As Chester looks to build the firm, he recruits partner-level colleagues who fit the innovation mindset and work ethic he has established. “My goal is for my firm to do 95 percent of the legal matters needed by a small or midsize privately held IDEA company.”

Teaching and Preparing A significant element of Chester’s independence- enabling philosophy is extending that philosophy to law students. For the past 15 years, he has been an adjunct professor of law at Baylor University Law School, teaching courses on international trade law and international business transactions. He also served for several years as an adjunct professor of Business Law at the University of Dallas.

Chester says, “Law school does not prepare you to be a lawyer any more than reading a book about hitting will prepare you to be a major league baseball player. The academics do a good job in terms of teaching research and reasoning skills, but in terms of practicality, someone from the real world needs to provide input.”

“As an adjunct, I tell my students that I’m not a real professor, but I’m a real lawyer. That’s important because a lot of these students need insight into the real world of being an attorney.”

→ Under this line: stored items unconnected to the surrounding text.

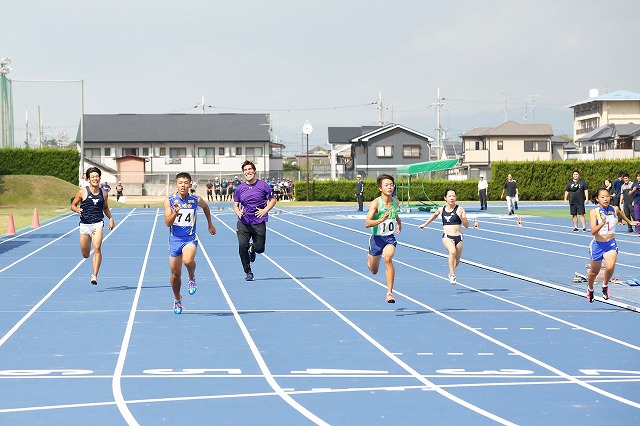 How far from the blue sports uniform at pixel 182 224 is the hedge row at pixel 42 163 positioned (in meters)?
60.3

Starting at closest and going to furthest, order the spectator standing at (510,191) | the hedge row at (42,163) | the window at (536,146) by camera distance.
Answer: the spectator standing at (510,191) < the hedge row at (42,163) < the window at (536,146)

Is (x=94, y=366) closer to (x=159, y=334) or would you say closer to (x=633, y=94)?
(x=159, y=334)

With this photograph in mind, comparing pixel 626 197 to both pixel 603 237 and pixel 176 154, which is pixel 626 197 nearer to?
pixel 603 237

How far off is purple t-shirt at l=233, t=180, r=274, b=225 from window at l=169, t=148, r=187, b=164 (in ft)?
266

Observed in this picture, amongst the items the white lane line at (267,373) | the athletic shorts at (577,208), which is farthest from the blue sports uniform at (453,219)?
the athletic shorts at (577,208)

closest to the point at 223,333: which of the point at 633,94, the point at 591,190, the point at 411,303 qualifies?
the point at 411,303

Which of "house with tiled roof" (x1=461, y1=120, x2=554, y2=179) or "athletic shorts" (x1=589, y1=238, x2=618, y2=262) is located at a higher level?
"house with tiled roof" (x1=461, y1=120, x2=554, y2=179)

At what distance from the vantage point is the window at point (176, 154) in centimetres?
9700

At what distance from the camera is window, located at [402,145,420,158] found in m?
97.8

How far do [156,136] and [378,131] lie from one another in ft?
69.0

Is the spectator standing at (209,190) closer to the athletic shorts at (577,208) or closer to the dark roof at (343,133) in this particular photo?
the dark roof at (343,133)

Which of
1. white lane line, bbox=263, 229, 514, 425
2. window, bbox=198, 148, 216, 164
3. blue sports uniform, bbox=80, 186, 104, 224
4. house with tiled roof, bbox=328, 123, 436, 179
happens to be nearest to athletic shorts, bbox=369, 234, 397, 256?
white lane line, bbox=263, 229, 514, 425

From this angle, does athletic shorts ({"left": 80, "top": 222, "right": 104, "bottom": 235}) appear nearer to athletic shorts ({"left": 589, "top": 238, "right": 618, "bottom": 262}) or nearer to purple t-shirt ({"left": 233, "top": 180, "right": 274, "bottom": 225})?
purple t-shirt ({"left": 233, "top": 180, "right": 274, "bottom": 225})

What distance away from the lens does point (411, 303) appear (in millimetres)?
14164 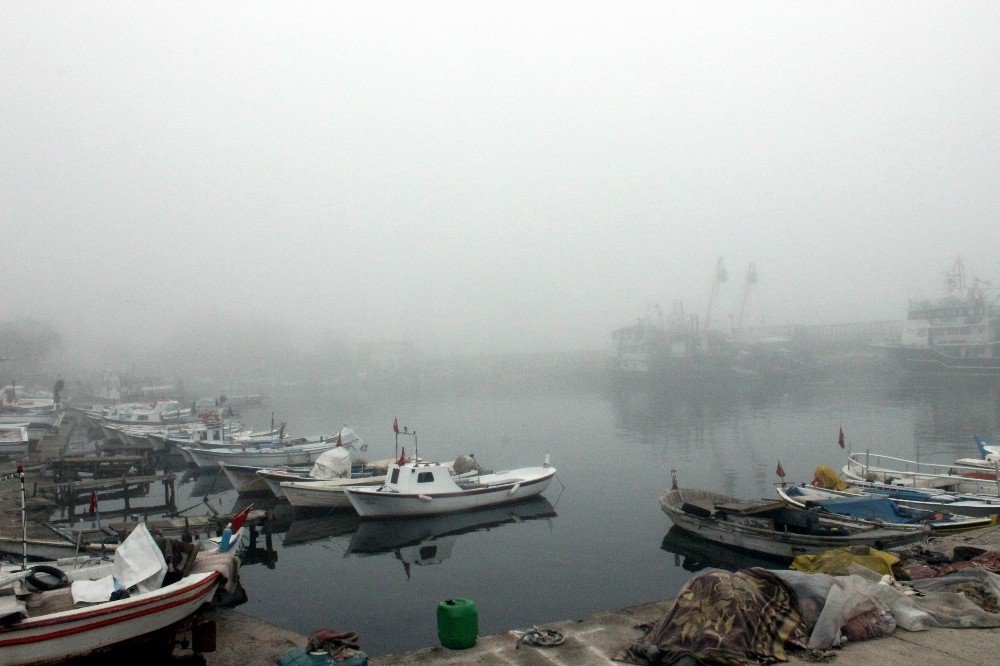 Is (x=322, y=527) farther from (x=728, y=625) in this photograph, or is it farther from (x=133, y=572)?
(x=728, y=625)

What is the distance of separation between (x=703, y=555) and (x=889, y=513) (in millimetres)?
6103

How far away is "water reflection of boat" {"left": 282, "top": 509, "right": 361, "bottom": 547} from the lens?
86.1 feet

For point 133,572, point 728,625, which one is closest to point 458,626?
point 728,625

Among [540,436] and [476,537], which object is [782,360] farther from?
[476,537]

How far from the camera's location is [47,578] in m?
11.6

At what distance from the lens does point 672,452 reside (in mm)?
48875

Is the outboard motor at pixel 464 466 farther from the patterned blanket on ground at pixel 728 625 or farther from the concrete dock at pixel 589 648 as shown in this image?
the patterned blanket on ground at pixel 728 625

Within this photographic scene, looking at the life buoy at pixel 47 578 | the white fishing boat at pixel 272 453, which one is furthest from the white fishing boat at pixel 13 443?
the life buoy at pixel 47 578

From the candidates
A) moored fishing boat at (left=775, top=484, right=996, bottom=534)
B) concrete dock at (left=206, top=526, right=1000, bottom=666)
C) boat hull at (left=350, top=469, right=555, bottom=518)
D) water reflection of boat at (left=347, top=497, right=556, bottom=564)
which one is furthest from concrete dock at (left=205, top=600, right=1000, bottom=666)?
boat hull at (left=350, top=469, right=555, bottom=518)

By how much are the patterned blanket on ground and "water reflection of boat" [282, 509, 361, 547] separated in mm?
18555

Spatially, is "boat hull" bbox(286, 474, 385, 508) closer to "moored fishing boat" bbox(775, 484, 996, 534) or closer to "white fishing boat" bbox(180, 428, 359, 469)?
"white fishing boat" bbox(180, 428, 359, 469)

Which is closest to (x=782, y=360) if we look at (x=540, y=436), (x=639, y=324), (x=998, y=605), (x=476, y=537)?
(x=639, y=324)

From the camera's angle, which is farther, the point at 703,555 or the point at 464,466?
the point at 464,466

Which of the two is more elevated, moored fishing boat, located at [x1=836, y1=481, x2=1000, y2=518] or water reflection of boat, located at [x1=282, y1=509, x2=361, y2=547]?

Spice of Life Like his entrepreneurial clients, it is difficult to put Chester’s intellectual and business interests into a single classification or box. In addition to his professional pursuits, Chester’s interests include tennis, fishing, reading Stoic philosophy, music, and whatever sport or activity his four children are into. “My approach to life is like that line from Kipling’s ‘If,’ ‘I want to fill each minute of my life with 60 seconds of distance run.’”

Chester combines his innovative approaches to his culinary interests by exploring and inventing a number of spice blends. One blend, “Chester’s Grillin’ Blend” has been a popular holiday gift to clients, colleagues and friends for several years. More recently, Chester invented a salsa blend that won third place in the ISC Texas State competition. His interest in spices stems from a love of outdoor grilling and barbecue – not to mention his family connections; his wife is the great-great granddaughter of Clinton DeWitt Pendery, the inventor of chile blend. In fact, Pendery’s – which has been owned and operated by Chester’s wife’s family since 1870 – produces all of Chester spice blends.

Enabling Dreams “I like to help people and to solve problems. Because of the types of clients I work with, my clients are personally invested in their companies. As such, when I draft or review a contract, I’m not just working on a document, I’m trying to protect my client from negative implications that could cost them jobs or even make them shut down. For my clients, business is personal, as well.”

In addition, through his innovative law firm business model, as well as VENUE, Chester wants other lawyers to become the lawyers they always wanted to be. “I enjoy giving other lawyers the opportunity to do the things I’m able to do – in my law practice, my other business and professional endeavors, and in my personal life. That’s the best gift I could give to my colleagues, and a professional legacy I can be proud of.”